THE DATA:
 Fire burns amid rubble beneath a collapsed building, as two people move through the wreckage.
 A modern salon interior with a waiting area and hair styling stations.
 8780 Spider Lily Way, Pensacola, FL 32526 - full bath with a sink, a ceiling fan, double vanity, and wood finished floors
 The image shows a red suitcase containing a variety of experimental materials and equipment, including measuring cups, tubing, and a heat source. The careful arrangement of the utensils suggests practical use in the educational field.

REQUIRED ACTION: Word for word, give the whole listing again.

OUTPUT OF THE EXERCISE:
 Fire burns amid rubble beneath a collapsed building, as two people move through the wreckage.
 A modern salon interior with a waiting area and hair styling stations.
 8780 Spider Lily Way, Pensacola, FL 32526 - full bath with a sink, a ceiling fan, double vanity, and wood finished floors
 The image shows a red suitcase containing a variety of experimental materials and equipment, including measuring cups, tubing, and a heat source. The careful arrangement of the utensils suggests practical use in the educational field.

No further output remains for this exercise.